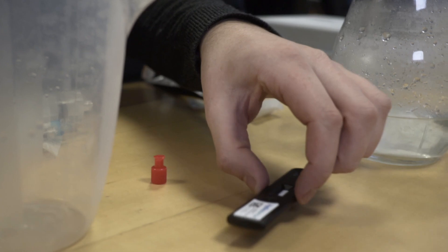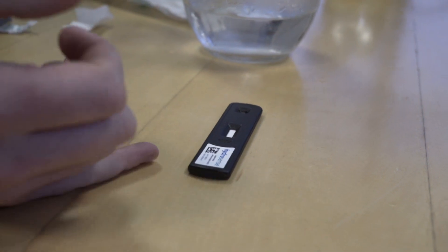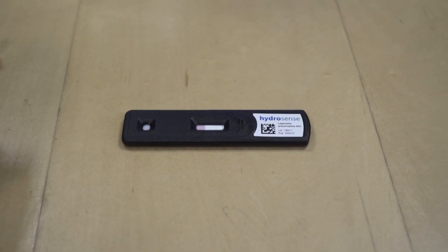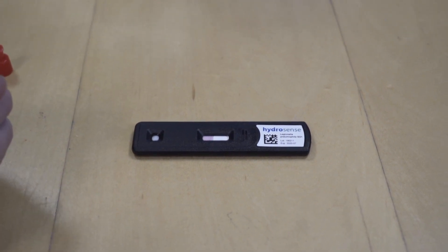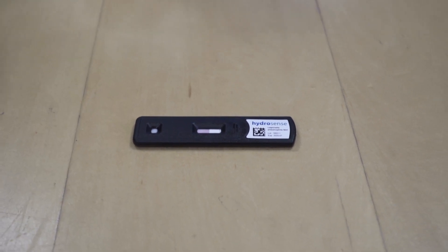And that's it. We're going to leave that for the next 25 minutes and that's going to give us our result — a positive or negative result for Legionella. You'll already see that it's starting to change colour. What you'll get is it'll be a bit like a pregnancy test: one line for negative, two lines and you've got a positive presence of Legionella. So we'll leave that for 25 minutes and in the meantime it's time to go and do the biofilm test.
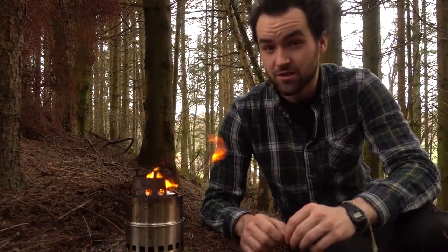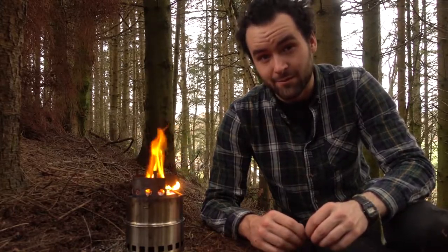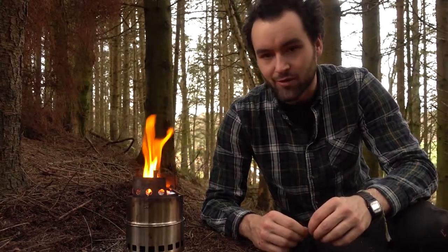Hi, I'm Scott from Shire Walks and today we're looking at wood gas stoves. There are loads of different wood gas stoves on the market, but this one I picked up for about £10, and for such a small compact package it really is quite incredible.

· · · ·

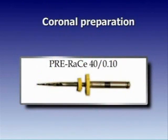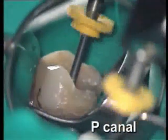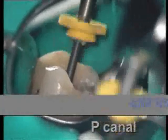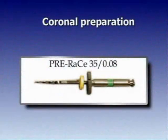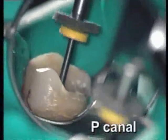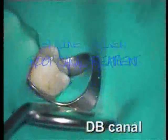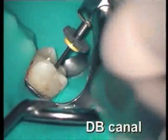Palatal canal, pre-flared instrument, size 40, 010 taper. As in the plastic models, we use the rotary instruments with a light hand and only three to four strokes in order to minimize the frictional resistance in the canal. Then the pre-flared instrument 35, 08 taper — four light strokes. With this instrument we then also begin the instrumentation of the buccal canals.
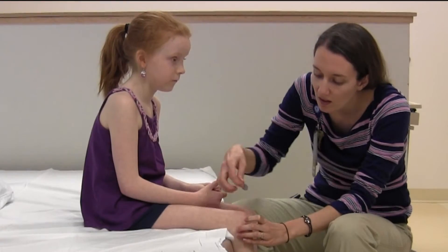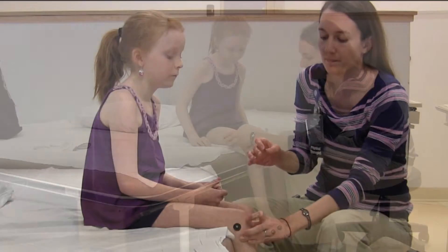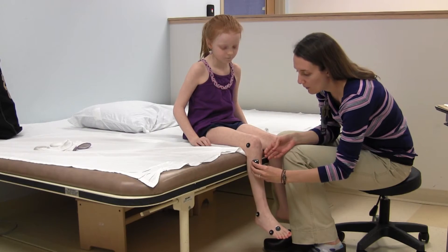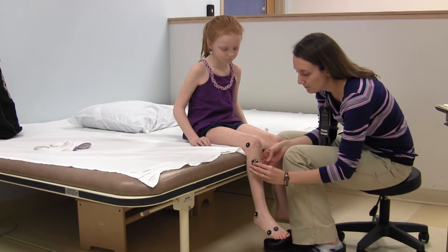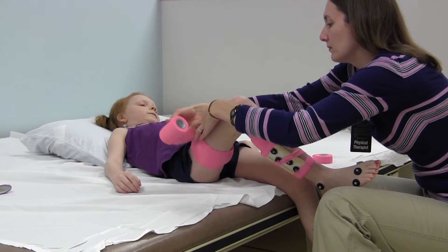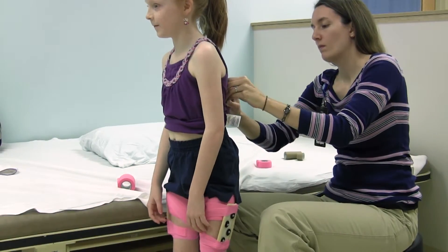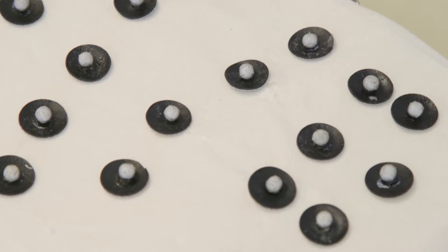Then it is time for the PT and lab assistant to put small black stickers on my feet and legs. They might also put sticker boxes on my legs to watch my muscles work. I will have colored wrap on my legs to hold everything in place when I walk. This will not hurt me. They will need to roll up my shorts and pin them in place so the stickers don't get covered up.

· · · ·

Above are the records. Copy word for word only their lines from the one holding "And that's it." through the one holding "Hi, I'm Scott", both included, and skip the images.

Output of the task:
And that's it. We're going to leave that for the next 25 minutes and that's going to give us our result — a positive or negative result for Legionella. You'll already see that it's starting to change colour. What you'll get is it'll be a bit like a pregnancy test: one line for negative, two lines and you've got a positive presence of Legionella. So we'll leave that for 25 minutes and in the meantime it's time to go and do the biofilm test.
Hi, I'm Scott from Shire Walks and today we're looking at wood gas stoves. There are loads of different wood gas stoves on the market, but this one I picked up for about £10, and for such a small compact package it really is quite incredible.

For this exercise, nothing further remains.